Major spamming botnets go down, inboxes breathe sigh of relief

Andre Yoskowitz
6 Jan 2011 18:33

The NYTimes has reported that spam email volume fell by as much as 57 percent in December after a number of infamous botnets went dark and have yet to resume.
Beginning on Christmas Eve, the massive Rustock botnet "appears to have completely gone of the map and is yet to resume," says Matt Sergeant of Symantec. Sergeant is a senior anti-spam tecnologist.
The allegedly Russian-operated botnet accounts for just under 50 percent of the world's daily spam output.
Additionally, two smaller botnets known as Lethic and Xarvester stopped sending spam at around the same time.
"Did the people in charge of these botnets suddenly go on vacation? Currently there are no explanations on why these botnets stopped spamming," added Symantec.

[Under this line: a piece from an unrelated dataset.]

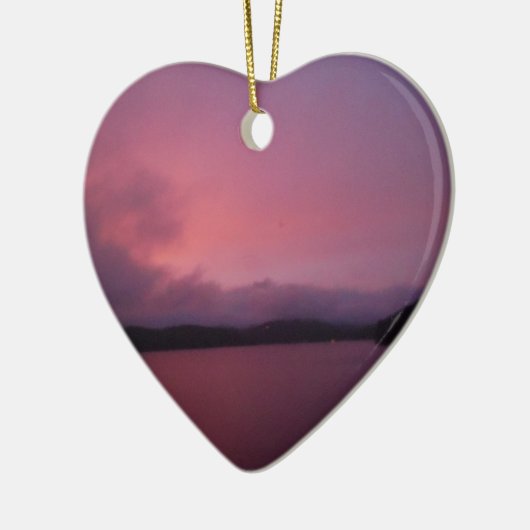 Paarse zonsondergang op het Arrowimeer Keramisch Ornament (Links)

Global spam volume fell to 30 billion emails a day from 70 billion before the botnets went dark. In August, spam hit its all-time high, at 200 billion messages a day, good for 92.2 percent of all email.
While it is still unclear why the botnets have stopped sending spam, the NYTimes speculates the owners may be scared after Russian authorities took down the massive spam ring SpamIt.com and recently arrested two other Russian spammers who had a database of 2 billion email addresses in the US and EU.